Ancak Halaçoğlu’nun açıklamalarının, birleştirici değil ayrıştırıcı yaklaşımlara hizmet edeceğini düşünüyoruz. Sendika olarak her zaman fişlemelere karşı çıktık, çıkmaya da devam edeceğiz. Halaçoğlu’nun bu açıklamasını bir anlamda kitlesel bir fişleme olarak değerlendiriyor, kimsenin kimlikler ve inançlar üzerinden kitlesel fişleme yapmaya hakkı olmadığını düşünüyoruz. Vatandaşlarımızın bir kısmının yüzyıllar önceki kimliklerinin deşifre edilmesinin hiçbir fayda sağlamayacağını, aksine toplumsal birliğe zarar vereceğini ifade ediyoruz.
Umarız ki, Türkiye’yi yeni bir tartışmaya sürüklemek gibi bir kasıt yoktur. Dolayısıyla bu tür gereksiz, faydasız açıklamaları üzüntüyle karşılıyoruz. Kimsenin kimliği ve inançları sorgulanmamalıdır. Gün birlik günüdür. 72 milyon olarak kısır tartışma ve çekişmeleri bir kenara bırakarak geleceğe umutla hazırlanma günüdür. Bu duygularla herkesi sağduyulu ve serinkanlı olmaya davet ediyoruz.
İKİNCİ SENDİKANIN YORUMU
TTK Başkanı Prof. Dr. Yusuf Halaçoğlu Derhal Görevden Alınmalıdır!
Türkiye’de resmi ideolojinin, toplumun çoğulcu ve çok kimlikli yapısını inkar politikasına ilişkin son örnek, Türk Tarih Kurumu Başkanı Prof. Dr. Yusuf Halaçoğlu tarafından sarf edilen “Kürtlerin Türkmen, Alevi Kürtlerin ise Ermeni olduğu” yönündeki sözde “bilimsel” iddialardır.
Ülkemizde resmi ideolojinin sözcülüğüne soyunan çevrelerin daima Türk Tarih Kurumu üzerindeki gizli elleri hissedilegelmiştir. Halaçoğlu’nun açıklamaları, resmi inkar politikalarının ucunun ırkçılığa uzandığının önemli bir göstergesi olması bakımından dikkate değerdir.

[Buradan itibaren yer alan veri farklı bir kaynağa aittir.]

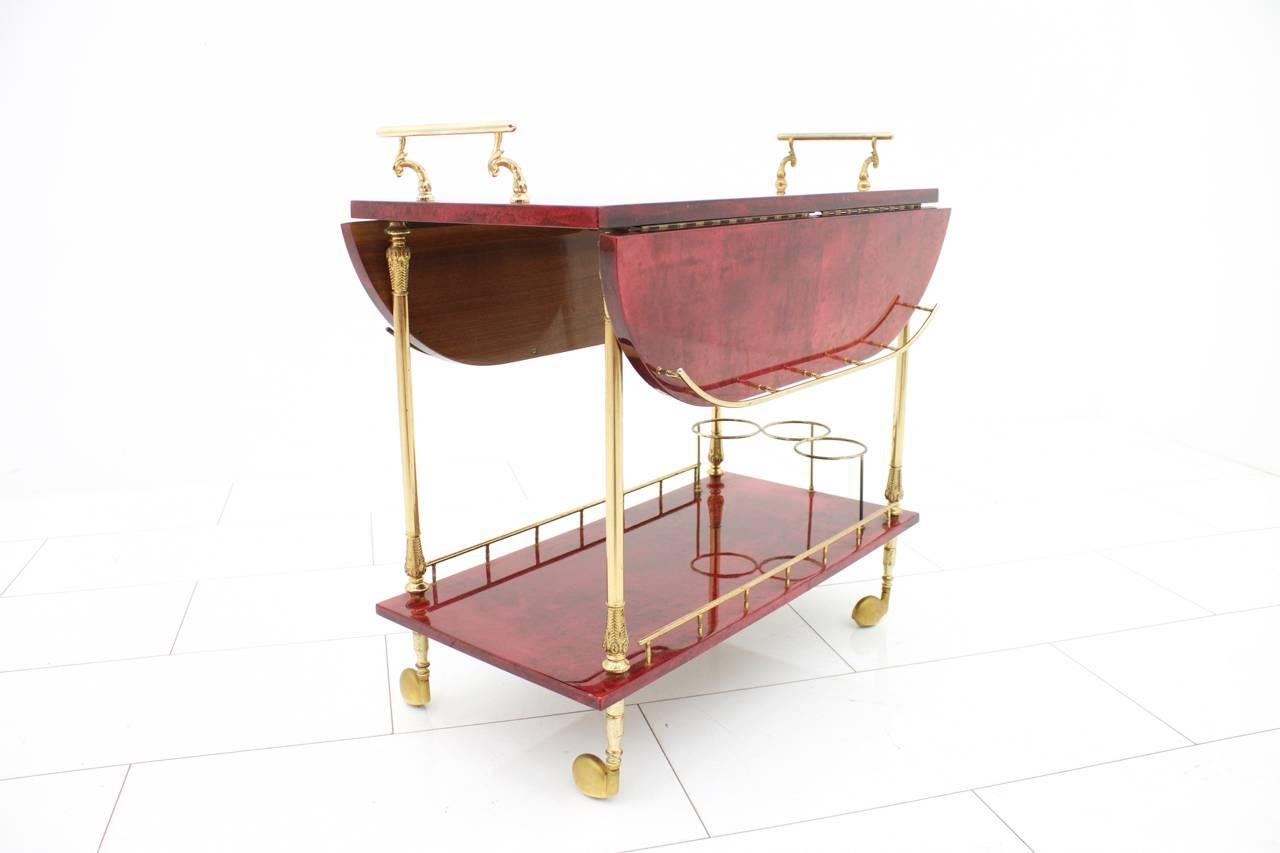 Large Bar Cart by Aldo Tura in Red Goatskin and Brass, Italy, 1960s In Good Condition In Frankfurt / Dreieich, DE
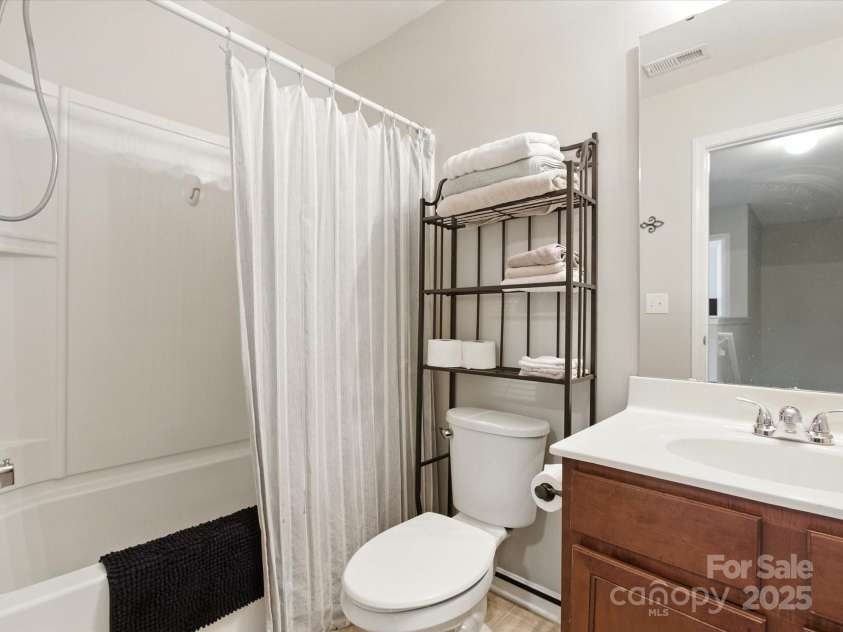 10211 Green Grass Road, Charlotte, NC 28227.  MLS# CAR4293063, YatesRealty ID 33007. 
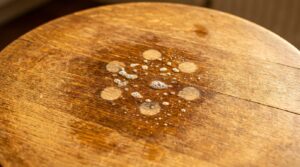 oud houten meubels behouden hun afwerking zolang ze niet worden blootgesteld aan agressieve schoonmaakmiddelen. leer hoe je je meubels op de juiste manier onderhoudt om hun schoonheid te bewaren.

Türkiye toplumunun çokkültürlü ve çokkimlikli yapısından rahatsızlık duyan ve bilim adamı ünvanına yaslanarak neredeyse kafatası ölçümlerine başlayacak bu zihniyetin bir bilimsel kuruluşun başında bulunduğu her dakika eğitim ve bilim dünyası açısından bir talihsizliktir. Öte yandan, toplumu tektipleştirmeyi, farklılıkları bir kalem marifetiyle ortadan kaldırma kurnazlığını aklına getiren Yusuf Halaçoğlu’nun sözleri, kök salmış bir anlayışın dışavurumudur. Bu ırkçı, inkarcı yaklaşımın Türkiye toplumunu birleştirmek yerine daha da kutuplaştırmayı amaçladığı açıktır. Halaçoğlu’nun açıklamalarının bilimle yakından uzaktan ilgisinin olmadığı, kafatasçı, ırkçı ve akıldışı olduğu görülmektedir.

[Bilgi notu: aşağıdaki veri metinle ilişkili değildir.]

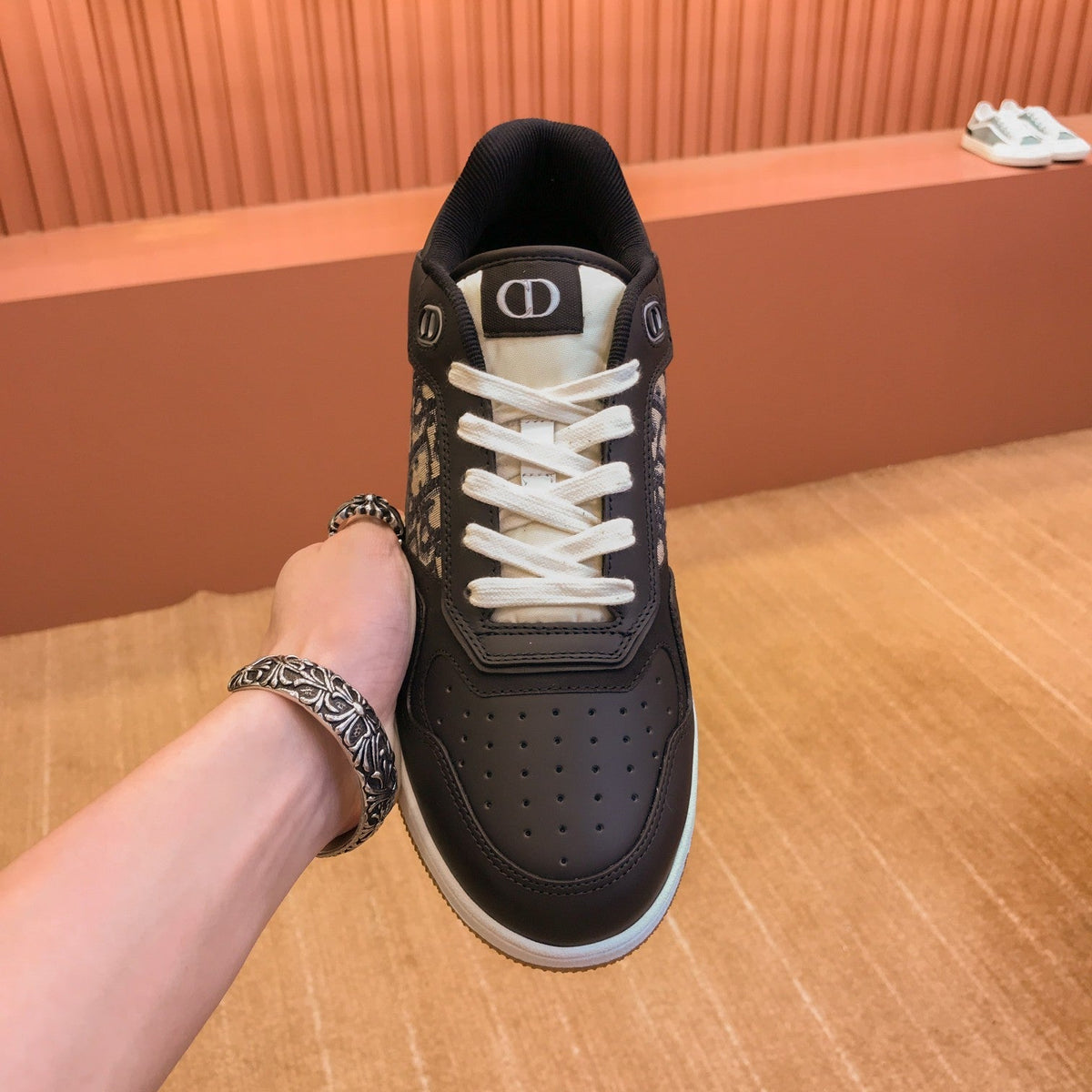 CD B27 LOW-TOP SNEAKER BLACK-BEIGE CALFSKIN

Irkçılığı, bölücülüğü, inkarcılığı ve kutuplaşmaları bilim maskesi altında piyasaya süren bu sözlerin rastlantı olmadığı aşikardır. Prof. Dr. Yusuf Halaçoğlu’nun bu tutumu karşısında hükümet sessiz kalmamalı ve kendisini derhal görevden almalı, bir araştırma ve bilim kuruluşu olan Türk Tarih Kurumu’nun gerçekten akıl ve bilim ölçütlerine göre işleyen bir yapıya dönüştürülmesi için çabalar desteklenmelidir. Yusuf Halaçoğlu’nun görevde kaldığı her dakika, Türk Tarih Kurumu’nun kurumsal kişiliğini de zedeleyecek ve bu bilim kuruluşunun gerek ulusal gerekse uluslar arası bilim çevrelerindeki itibarını ortadan kaldıracaktır. Bu nedenle …………. olarak, TTK Başkanı’nın ırkçılık ve inkarcılık kokan, resmi ideoloji eksenli, bilimdışı açıklamalarını kınıyor ve kendisinin derhal görevden alınmasını talep ettiğimizi basınımızın ve kamuoyunun dikkatine sunuyoruz.